In fact, there are an awful lot of corner cases arising out of such as
connection collisions, of data being buffered in the TCP stack when BGP
thinks there is no connection, TCP connection dropping and either noone
noticing or restarting etc so even a perfect implementation can do some
strange things.  If, thus, the HoldTimer expires in Active state, the
only thing to do IMHO is to revert to Idle (and call your software
supplier if you are sure it cannot happen:-) - as I said before, the
expectation is that the ConnectRetryTimer will expire first taking it
back to OpenSent.

Tom Petch

-Also when moving from OPENSENT to ACTIVE in case of TCP failure the rfc
says to close the BGP connection. Why should the HoldTimer be running
without a BGP connection?

Thanks,
Shashank

-----Original Message-----
From: t.petch [mailto:ietfc@btconnect.com]
Sent: Tuesday, October 02, 2012 7:12 PM
To: yakov@juniper.net; tony.li@tony.li; skh@nexthop.com;
stbryant@cisco.com; adrian@olddog.co.uk; shares@ndzh.com;
jgs@juniper.net; RFC Errata System
Cc: Shashank Tyagi; rfc-editor@rfc-editor.org; idr@ietf.org
Subject: Re: [Idr] [Technical Errata Reported] RFC4271 (3366)
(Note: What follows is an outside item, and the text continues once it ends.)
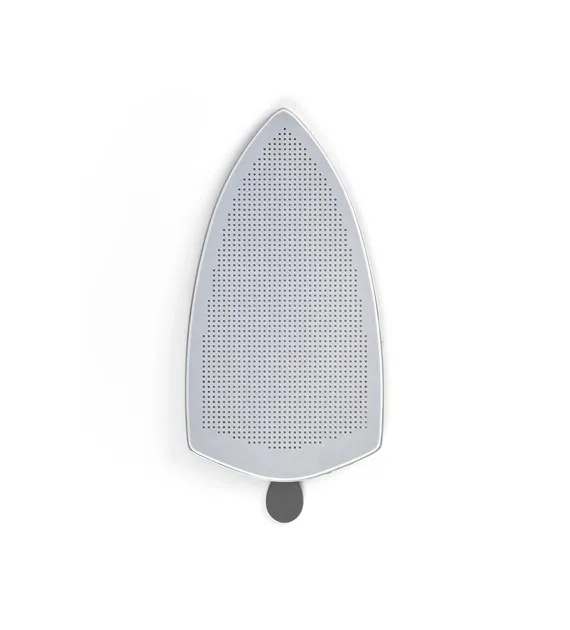 Podstawka pod żelazko Rayen RA-6206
>From the Original Text, I infer that this refers to OpenSent, when event
18 occurs.

The Notes say

"HoldTimer should only be used to control time in between BGP packets. "

This is true but in OpenSent state (p.63), a KEEPALIVE has been sent (as
well as an OPEN) so the timer should be running.

"Also in this case it can lead to case in ACTIVE state where HoldTimer
expires before the ConnectRetryTimer leading to IDLE state."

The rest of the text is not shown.